◆ **Work to complete**
Using the records that follow, reproduce exactly the lines starting at the line containing "Taburete de madera" and ending at the line containing "Black and white". Include both end lines and no pictures.
*** Material provided Section Begins ***
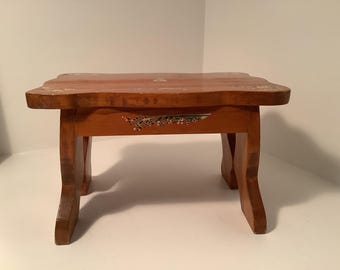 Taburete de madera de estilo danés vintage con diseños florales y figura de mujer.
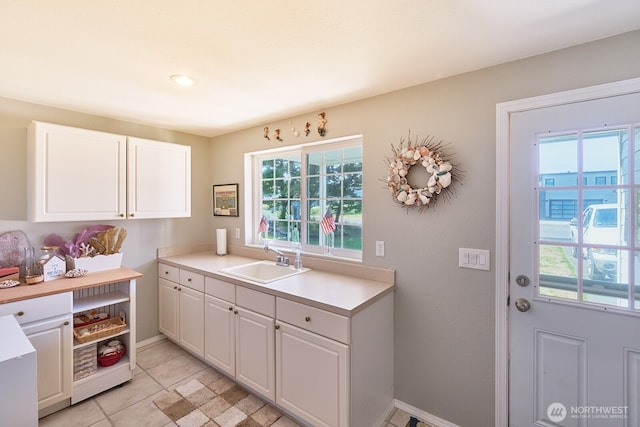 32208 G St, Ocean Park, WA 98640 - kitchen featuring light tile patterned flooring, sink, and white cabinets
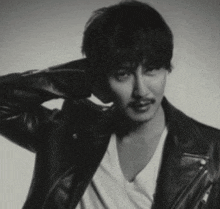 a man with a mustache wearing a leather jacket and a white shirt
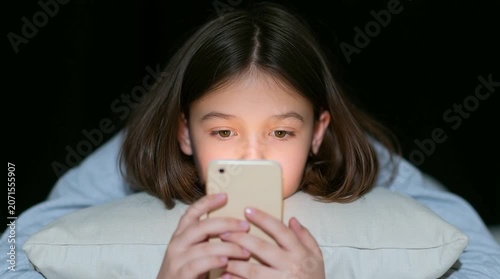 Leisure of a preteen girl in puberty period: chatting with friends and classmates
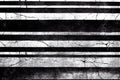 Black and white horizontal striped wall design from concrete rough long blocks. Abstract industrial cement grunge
*** Material provided Section Ends ***
*** Material provided Section Begins ***
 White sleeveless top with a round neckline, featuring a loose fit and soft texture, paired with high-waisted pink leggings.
*** Material provided Section Ends ***
*** Material provided Section Begins ***
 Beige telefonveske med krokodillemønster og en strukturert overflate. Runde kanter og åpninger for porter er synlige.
*** Material provided Section Ends ***
◆ **Output**
 Taburete de madera de estilo danés vintage con diseños florales y figura de mujer.
 32208 G St, Ocean Park, WA 98640 - kitchen featuring light tile patterned flooring, sink, and white cabinets
 a man with a mustache wearing a leather jacket and a white shirt
 Leisure of a preteen girl in puberty period: chatting with friends and classmates
 Black and white horizontal striped wall design from concrete rough long blocks. Abstract industrial cement grunge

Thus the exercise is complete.